§ What is needed:
Apart from pictures, transcribe exactly each line from the one containing "Caravelle by Bulova" through the final line of the listing below.

§ Information provided:
####################

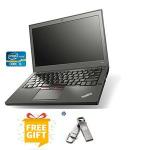 Lenovo Refurbished Thinkpad X250, Intel Core I5, RAM-4GB, HDD-500GB, WIN OS, 12.5",Black - Free FLASH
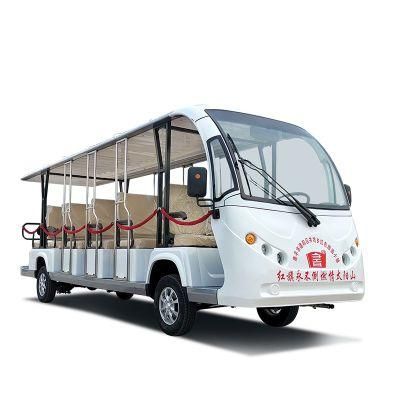 Wholesale Brand 17 Seats Battery Powered Low Speed Electric Vehicle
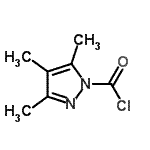 CAS#: 67514-64-1, 3,4,5-Trimethyl-1H-pyrazole-1-carbonyl chloride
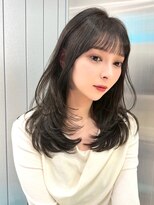 アスター 天神大名店(Aster) オリーブグレー髪質改善/黒髪/小顔/くすみベージュ/天神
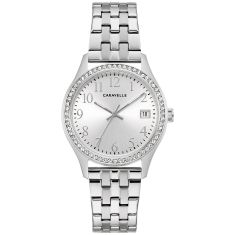 Caravelle by Bulova Dress Quartz Silver-Tone Dial Stainless Steel Watch 32mm - 43X104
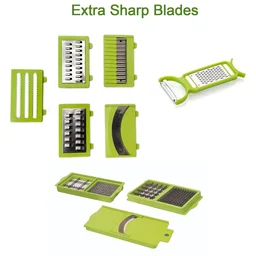 Manual Vegetable Slicer – 13-in-1 Multi-Cutter | Quickslice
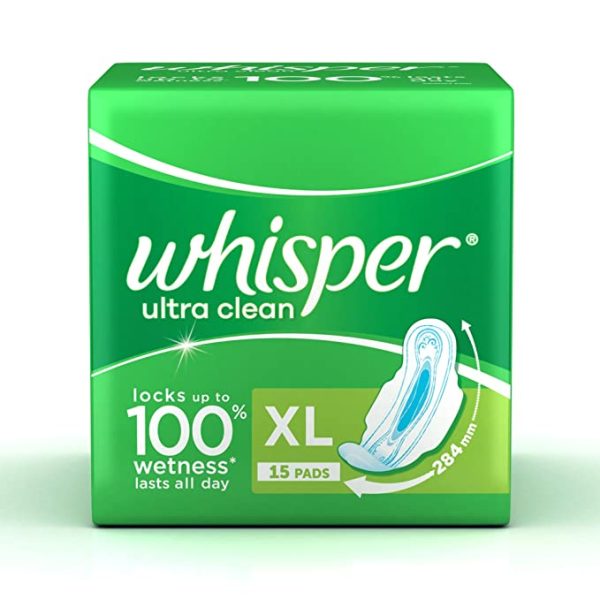 Whisper Xl Wings U.Clean 15+15 Pads Each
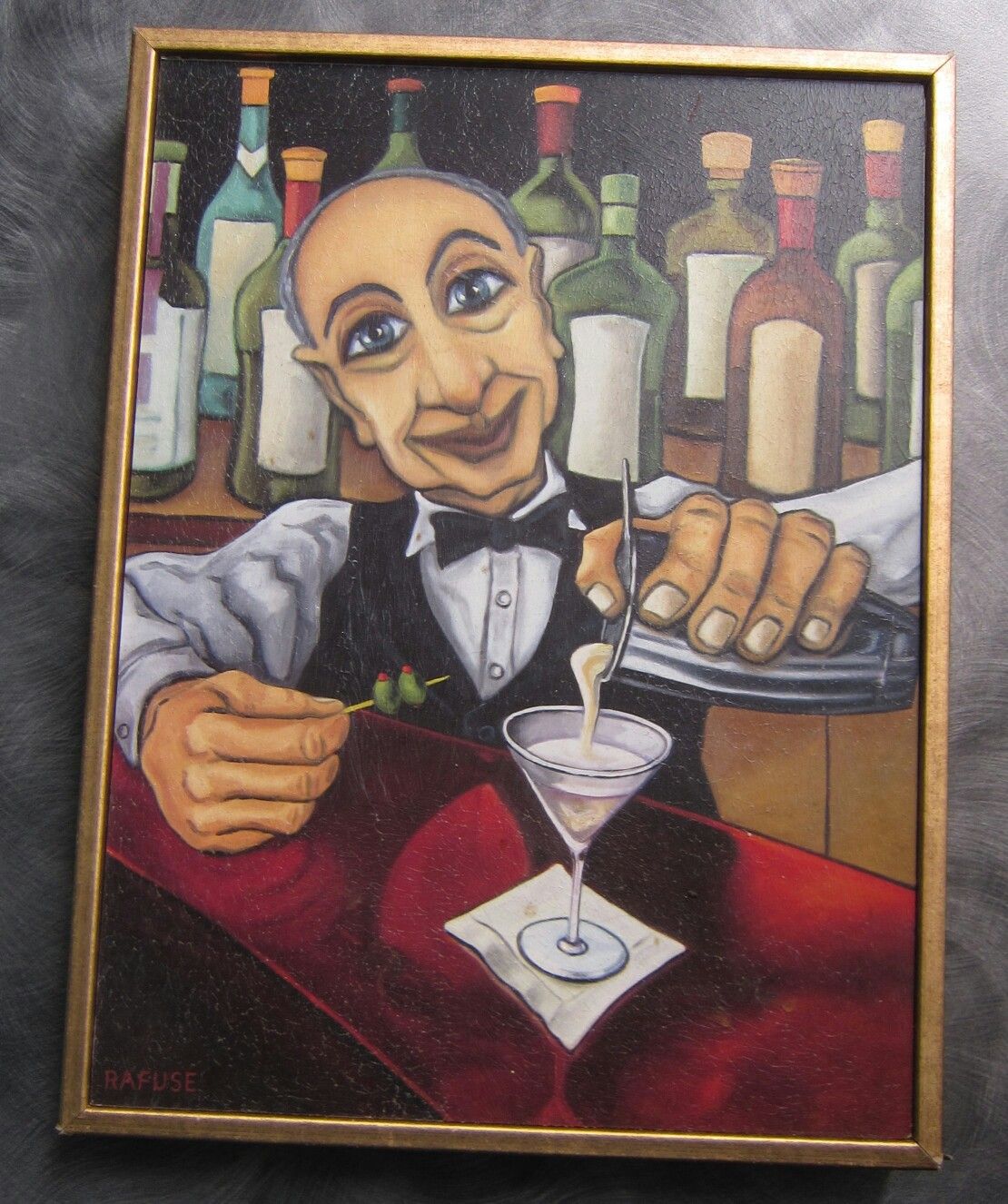 Jack the Bartender by Will Rafuse Framed Print 11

####################

§ Reply to the task:
 Caravelle by Bulova Dress Quartz Silver-Tone Dial Stainless Steel Watch 32mm - 43X104
 Manual Vegetable Slicer – 13-in-1 Multi-Cutter | Quickslice
 Whisper Xl Wings U.Clean 15+15 Pads Each
 Jack the Bartender by Will Rafuse Framed Print 11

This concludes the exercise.